SOURCE MATERIAL Start Marker

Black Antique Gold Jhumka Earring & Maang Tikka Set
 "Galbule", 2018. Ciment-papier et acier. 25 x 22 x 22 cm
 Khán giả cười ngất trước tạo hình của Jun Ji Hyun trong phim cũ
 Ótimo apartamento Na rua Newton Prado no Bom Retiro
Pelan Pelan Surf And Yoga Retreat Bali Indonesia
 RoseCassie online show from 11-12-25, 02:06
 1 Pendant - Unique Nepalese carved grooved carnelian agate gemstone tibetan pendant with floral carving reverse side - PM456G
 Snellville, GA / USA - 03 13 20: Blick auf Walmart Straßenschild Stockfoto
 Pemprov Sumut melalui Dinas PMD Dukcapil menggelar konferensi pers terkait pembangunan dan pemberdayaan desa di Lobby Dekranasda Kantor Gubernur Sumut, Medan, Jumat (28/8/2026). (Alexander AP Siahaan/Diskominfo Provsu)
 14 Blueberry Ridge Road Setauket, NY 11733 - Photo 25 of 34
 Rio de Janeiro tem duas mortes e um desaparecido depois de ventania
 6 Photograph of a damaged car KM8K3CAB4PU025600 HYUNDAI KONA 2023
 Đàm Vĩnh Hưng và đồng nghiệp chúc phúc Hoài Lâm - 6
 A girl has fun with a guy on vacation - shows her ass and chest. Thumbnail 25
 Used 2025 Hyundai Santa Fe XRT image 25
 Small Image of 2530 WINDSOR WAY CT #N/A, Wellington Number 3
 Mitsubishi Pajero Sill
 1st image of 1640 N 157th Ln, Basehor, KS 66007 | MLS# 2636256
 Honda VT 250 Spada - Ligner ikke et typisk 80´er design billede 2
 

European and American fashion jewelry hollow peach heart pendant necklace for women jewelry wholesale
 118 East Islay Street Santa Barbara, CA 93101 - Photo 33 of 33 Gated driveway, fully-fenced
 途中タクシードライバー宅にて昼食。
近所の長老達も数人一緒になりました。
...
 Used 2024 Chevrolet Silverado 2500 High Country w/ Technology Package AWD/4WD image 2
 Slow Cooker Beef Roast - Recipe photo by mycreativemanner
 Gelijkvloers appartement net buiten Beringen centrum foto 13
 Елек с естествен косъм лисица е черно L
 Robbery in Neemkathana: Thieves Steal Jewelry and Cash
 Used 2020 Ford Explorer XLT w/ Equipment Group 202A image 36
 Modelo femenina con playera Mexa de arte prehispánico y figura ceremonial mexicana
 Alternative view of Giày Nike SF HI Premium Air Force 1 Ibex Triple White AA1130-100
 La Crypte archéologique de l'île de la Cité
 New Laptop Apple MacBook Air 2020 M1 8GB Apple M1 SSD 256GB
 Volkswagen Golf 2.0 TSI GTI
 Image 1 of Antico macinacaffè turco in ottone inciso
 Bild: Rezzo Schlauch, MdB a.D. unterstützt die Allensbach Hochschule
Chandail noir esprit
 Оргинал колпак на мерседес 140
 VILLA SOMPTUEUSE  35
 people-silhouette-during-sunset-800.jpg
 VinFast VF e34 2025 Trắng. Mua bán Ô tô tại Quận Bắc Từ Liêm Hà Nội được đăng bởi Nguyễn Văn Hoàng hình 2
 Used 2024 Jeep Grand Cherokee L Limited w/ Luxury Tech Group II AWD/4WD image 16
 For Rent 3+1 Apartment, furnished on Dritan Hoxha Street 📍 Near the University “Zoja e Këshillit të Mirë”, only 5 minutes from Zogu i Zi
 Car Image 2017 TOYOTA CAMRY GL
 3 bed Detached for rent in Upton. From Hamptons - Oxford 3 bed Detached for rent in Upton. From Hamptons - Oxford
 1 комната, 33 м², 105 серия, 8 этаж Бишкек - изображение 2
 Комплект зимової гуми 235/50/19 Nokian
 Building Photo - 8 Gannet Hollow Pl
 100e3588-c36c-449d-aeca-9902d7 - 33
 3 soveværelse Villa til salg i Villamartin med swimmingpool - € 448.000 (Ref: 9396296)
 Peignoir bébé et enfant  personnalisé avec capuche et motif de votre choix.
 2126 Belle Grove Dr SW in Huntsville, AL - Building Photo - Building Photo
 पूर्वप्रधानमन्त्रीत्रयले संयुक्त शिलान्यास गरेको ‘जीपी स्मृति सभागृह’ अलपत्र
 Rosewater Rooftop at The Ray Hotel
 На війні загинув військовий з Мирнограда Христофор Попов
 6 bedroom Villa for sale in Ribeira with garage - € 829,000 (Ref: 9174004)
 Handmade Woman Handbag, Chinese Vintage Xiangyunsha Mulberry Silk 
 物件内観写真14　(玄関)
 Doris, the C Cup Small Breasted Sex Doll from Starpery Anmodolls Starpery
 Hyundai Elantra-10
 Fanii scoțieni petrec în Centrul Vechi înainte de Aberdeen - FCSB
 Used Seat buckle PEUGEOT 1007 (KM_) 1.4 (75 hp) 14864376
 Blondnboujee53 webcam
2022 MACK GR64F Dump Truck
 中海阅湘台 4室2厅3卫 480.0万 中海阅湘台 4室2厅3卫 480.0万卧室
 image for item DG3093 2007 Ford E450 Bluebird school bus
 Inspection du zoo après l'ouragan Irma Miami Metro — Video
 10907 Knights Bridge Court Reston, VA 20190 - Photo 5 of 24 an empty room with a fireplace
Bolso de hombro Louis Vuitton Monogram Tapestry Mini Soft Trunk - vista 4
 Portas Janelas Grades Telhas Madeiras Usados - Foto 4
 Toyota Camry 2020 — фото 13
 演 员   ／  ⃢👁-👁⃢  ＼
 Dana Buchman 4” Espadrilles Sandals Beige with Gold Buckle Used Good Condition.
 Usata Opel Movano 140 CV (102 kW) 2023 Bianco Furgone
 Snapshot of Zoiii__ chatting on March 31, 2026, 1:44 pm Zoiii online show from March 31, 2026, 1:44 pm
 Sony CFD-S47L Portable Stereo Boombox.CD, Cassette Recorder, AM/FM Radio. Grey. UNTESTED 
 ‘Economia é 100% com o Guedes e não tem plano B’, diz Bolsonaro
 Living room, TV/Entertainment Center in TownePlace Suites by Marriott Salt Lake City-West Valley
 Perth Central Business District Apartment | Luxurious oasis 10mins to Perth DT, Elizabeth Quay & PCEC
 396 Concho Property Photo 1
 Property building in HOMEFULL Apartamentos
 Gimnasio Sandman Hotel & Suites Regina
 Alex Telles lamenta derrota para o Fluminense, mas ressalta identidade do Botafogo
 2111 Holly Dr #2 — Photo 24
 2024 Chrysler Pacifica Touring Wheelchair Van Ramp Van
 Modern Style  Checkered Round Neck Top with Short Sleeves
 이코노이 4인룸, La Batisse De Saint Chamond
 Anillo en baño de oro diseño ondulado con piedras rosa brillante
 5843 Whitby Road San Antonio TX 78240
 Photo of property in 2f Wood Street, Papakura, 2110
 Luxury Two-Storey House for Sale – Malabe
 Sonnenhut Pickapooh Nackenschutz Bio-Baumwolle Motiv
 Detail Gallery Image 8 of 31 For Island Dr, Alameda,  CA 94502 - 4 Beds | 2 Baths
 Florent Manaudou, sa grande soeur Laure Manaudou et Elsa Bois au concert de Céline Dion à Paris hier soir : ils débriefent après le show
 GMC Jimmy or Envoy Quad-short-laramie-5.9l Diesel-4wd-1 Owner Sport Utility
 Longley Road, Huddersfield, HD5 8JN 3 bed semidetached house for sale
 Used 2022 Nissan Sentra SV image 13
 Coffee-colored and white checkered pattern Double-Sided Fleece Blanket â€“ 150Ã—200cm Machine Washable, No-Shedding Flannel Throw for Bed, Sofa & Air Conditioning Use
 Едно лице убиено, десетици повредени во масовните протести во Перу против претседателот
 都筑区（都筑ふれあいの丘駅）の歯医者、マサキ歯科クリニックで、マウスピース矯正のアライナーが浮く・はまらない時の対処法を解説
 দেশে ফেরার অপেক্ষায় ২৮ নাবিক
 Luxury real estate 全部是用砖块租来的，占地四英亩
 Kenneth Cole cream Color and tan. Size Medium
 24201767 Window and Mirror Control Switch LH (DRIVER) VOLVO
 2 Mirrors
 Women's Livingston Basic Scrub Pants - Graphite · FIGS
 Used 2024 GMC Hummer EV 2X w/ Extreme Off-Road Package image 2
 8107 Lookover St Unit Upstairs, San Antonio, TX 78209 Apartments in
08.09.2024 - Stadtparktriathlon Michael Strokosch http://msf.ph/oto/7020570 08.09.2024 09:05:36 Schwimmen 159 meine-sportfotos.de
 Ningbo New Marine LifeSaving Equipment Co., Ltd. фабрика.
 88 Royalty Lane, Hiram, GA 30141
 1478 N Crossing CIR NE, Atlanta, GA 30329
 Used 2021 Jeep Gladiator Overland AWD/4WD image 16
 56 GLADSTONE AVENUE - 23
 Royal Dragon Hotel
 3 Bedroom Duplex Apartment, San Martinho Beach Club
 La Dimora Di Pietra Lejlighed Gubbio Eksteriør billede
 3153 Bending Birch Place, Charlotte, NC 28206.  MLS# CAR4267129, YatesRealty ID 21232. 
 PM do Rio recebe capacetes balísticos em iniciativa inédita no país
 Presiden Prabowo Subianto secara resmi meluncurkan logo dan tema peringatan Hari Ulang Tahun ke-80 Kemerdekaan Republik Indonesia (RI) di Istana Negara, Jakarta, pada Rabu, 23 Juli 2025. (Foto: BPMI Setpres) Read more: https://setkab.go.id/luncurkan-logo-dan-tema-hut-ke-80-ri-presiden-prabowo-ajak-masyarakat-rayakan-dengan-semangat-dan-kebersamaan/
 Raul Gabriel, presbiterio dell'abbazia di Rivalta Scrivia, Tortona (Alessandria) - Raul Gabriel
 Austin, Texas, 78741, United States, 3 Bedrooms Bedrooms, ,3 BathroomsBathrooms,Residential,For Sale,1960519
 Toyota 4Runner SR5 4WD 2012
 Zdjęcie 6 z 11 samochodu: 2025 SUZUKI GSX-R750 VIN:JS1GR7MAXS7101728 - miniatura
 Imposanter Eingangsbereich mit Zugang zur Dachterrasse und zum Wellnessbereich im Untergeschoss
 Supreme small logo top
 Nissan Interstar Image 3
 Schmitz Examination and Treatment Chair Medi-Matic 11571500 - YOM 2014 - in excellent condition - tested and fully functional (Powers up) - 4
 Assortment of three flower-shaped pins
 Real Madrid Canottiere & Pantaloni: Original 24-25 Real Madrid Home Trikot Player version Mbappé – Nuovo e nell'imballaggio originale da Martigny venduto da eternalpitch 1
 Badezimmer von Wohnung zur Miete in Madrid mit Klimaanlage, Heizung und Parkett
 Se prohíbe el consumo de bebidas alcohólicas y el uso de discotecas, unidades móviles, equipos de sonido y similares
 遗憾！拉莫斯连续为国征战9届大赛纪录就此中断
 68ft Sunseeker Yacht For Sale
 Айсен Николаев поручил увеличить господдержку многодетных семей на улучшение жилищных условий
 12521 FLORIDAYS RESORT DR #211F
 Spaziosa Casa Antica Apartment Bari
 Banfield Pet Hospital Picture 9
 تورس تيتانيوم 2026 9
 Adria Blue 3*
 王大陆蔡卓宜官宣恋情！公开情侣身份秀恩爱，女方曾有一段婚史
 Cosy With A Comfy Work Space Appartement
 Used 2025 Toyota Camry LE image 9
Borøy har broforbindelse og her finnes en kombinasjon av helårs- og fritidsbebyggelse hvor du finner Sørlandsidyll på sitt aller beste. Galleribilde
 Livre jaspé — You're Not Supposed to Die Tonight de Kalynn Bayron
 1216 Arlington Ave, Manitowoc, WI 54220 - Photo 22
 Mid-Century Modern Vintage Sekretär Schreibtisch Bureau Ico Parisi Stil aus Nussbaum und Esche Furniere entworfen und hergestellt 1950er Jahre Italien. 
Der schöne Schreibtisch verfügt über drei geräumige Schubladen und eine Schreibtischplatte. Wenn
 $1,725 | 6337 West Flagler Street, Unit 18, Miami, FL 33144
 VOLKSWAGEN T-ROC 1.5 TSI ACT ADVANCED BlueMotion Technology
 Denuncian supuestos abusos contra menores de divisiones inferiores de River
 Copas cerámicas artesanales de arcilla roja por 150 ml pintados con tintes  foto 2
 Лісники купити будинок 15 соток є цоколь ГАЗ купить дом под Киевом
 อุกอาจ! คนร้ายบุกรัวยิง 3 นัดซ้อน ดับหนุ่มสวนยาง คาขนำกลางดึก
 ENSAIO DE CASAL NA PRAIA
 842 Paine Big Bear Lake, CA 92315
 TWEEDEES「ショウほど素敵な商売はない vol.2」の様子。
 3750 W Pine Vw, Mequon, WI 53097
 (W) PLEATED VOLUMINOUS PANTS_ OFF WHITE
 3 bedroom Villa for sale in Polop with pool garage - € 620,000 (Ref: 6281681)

SOURCE MATERIAL End Marker

# [WORK INSTRUCTION]
Above are some records; copy exactly the lines from the one with "12521 FLORIDAYS RESORT DR #211F" through the one with "Used 2025 Toyota Camry LE image 9", both included, and no others.

# [OUTPUT OF THE EXERCISE]
 12521 FLORIDAYS RESORT DR #211F
 Spaziosa Casa Antica Apartment Bari
 Banfield Pet Hospital Picture 9
 تورس تيتانيوم 2026 9
 Adria Blue 3*
 王大陆蔡卓宜官宣恋情！公开情侣身份秀恩爱，女方曾有一段婚史
 Cosy With A Comfy Work Space Appartement
 Used 2025 Toyota Camry LE image 9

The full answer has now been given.